Last year 635 lobbyists spent a record $8.8 million to push the legislative agenda. A sizeable portion of that lobbying money came from outside Kentucky, mainly from Washington, as big business spent lavishly to protect its interests in a small state.
That level of advocacy does nothing but keep legislators on edge, due to the incessant picking at them by special interest.
Decisions need to be made that are in the best interest of Kentuckians, not so wealthy corporations or K Street lobbyists can keep their profit margins high.

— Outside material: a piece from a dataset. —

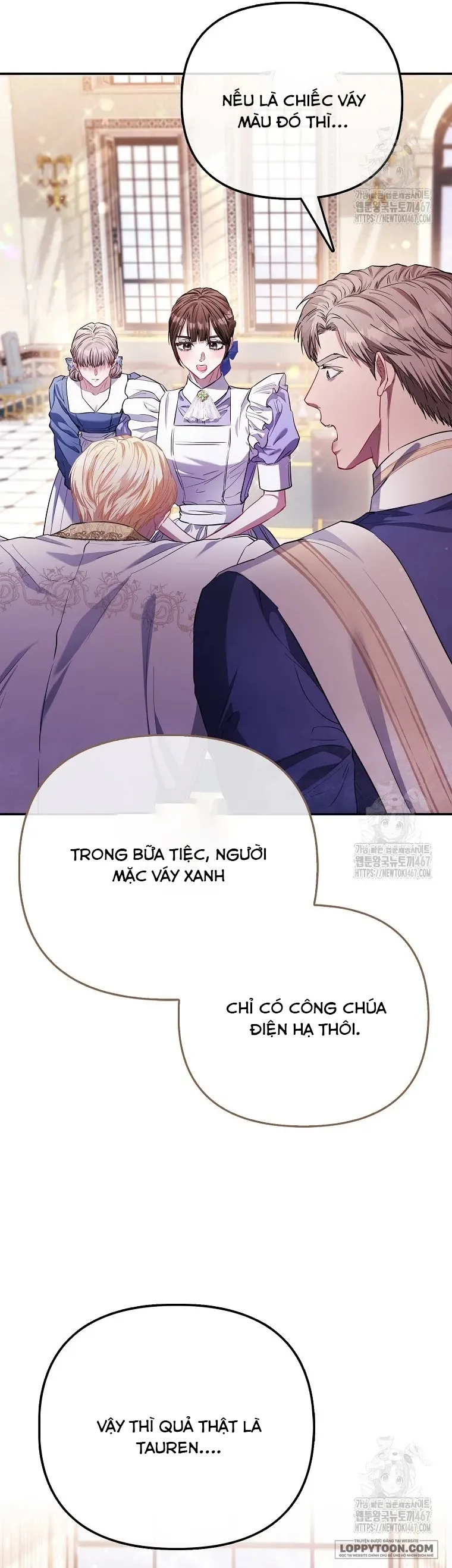Nàng Công Chúa Của Mọi Người - Chap 78 - Trang 7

It’s time our public servants got some work done for the people who actually live here. And instead of running out of time to do this work and convening numerous special sessions that cost upwards of $60,000 per day – how about we try cutting down on the ridiculous stream of “special guests” and “special resolutions” that consume a sizable portion of each legislative day.
In the 2012 session, 420 symbolic or ceremonial resolutions were passed over 60 days. There’s a speech that goes with every one of those, and a staffer has to draft each, have it edited, printed, etc.
I understand y’all owe favors and hope to be re-elected, but we really need you to work hard these next couple years or the implications are dire.
Stop the hyper-partisan bickering and fix what ails Kentucky or go home and give someone else a try. Solutions are available, it just takes sacrifice and leadership.
Who knows, if the General Assembly can reform the tax code people might stop wondering why state government can’t get anything accomplished.